» Try it
Copy the material below verbatim from the line with "Лампы форд с макс" to the line with "Hoodie | Teevron", both lines included, omitting pictures and every line outside that range.

» Supplied entries
################
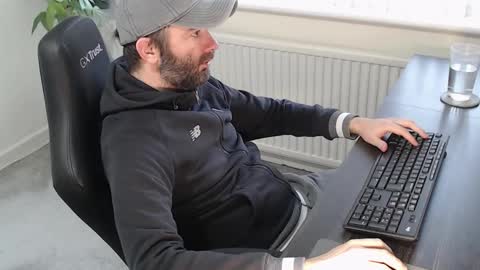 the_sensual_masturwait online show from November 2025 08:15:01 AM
################
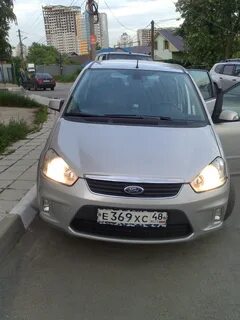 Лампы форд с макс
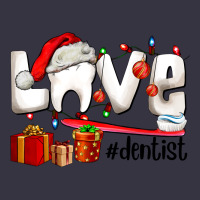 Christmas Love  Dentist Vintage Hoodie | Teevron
################
» Solution below
 Лампы форд с макс
 Christmas Love  Dentist Vintage Hoodie | Teevron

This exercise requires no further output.